|Date(s):||November 16, 1980|
|Location(s):||District of Columbia, District of Columb | New York, New York|
|Tag(s):||Cold War, Ronald Reagan, Containment, International Relations|
|Course:||“US Since 1945,” Juniata College|
Only days after Ronald Reagan’s 1980 presidential victory, an article in the New York Times explored how his conservative politics would change the nature of the conflicts in El Salvador, Nicaragua, and Guatemala. Alan Riding wrote “Reagan Impact Felt in Central America” as a broad overview of the actions and reactions that happened in the region due to anticipated changes in United States policy. This reporter had credibility on the subject of U.S.-Central American relations because it was his journalistic specialty from 1970-1989.
Alan Riding reported in the article that the Guatemalans greatly anticipated Reagan coming to power “The conservative Government and private sector in Guatemala, which had been strongly critical of President Carter’s human rights campaign, were delighted by his defeat and seemed hopeful of resumed American military assistance to help combat leftist guerrillas.”
The historical context leading up to this involved official policy from the previous administration.
In 1977 President Jimmy Carter ordered a human rights report on the actions of the Guatemalan military. What the study found was later confirmed by the United Nations Commission for Historical Clarification. The Guatemalan military was responsible for 93% of the human rights violations committed during the war, the guerrillas for 3%. The Guatemalan government reacted to these negative findings by refusing United States military aid.

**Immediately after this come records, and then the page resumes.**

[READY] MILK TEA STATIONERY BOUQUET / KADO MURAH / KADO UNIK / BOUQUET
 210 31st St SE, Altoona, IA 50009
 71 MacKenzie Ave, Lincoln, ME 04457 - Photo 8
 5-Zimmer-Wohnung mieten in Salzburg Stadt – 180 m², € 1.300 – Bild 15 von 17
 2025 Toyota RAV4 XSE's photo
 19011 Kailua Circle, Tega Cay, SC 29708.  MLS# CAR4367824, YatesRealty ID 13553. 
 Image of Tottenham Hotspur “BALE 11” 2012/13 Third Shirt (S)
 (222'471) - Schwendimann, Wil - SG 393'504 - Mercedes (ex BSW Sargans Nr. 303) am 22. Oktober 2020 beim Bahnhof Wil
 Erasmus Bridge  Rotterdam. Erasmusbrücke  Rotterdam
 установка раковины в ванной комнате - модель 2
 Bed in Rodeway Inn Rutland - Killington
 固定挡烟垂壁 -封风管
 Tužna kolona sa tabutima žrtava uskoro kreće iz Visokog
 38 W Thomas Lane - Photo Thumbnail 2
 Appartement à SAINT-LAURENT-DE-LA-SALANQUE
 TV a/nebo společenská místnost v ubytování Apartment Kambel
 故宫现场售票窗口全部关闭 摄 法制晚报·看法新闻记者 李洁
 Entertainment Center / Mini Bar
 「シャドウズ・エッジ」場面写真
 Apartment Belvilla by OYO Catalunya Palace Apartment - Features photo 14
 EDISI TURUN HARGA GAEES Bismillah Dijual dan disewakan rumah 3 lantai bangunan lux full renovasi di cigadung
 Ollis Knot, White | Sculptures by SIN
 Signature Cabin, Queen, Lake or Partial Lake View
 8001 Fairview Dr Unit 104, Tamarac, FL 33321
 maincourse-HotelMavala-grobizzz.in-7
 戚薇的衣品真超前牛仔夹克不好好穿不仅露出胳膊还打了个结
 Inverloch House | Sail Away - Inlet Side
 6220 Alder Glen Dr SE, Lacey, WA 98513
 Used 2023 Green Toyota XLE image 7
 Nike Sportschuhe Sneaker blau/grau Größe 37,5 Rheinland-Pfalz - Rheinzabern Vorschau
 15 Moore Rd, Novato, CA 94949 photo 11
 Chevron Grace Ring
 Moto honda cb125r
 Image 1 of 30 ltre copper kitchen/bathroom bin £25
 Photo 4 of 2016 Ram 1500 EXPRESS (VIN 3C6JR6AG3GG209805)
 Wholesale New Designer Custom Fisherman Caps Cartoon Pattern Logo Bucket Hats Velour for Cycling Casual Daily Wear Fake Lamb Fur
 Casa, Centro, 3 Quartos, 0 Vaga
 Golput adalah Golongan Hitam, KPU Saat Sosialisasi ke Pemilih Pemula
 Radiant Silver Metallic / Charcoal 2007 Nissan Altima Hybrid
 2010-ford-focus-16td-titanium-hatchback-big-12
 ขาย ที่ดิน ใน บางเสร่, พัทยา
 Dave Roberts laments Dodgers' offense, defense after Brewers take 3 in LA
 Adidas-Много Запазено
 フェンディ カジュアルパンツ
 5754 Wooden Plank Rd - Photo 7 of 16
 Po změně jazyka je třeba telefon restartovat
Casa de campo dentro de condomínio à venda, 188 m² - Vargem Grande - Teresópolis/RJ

Reagan immediately voiced his support for funding Guatemala once again in his first presidential news conference. He stated: “You can [not] turn away from some country because here and there they do not totally agree with our concept of human rights.” Public opinion at the time about United States involvement in Central American Civil Wars is hard to gauge. While some, like former Peace Corp volunteer John Elder actively participated in the process of bringing Guatemalan refugees to the United States, most Americans remained inactive. The United States Military’s involvement was mostly logistical, so the violence did not have a direct effect on American citizens. Our aid to Guatemala did not cause the same public out rage that Vietnam did because few Americans died. The reinstatement of funding was a political success from Reagan’s point of view and by 1983, most of the Guatemalan countryside was subdued. This episode correctly previewed the situation in Central America and the changes that Ronald Reagan's administration would bring to US policy for that region.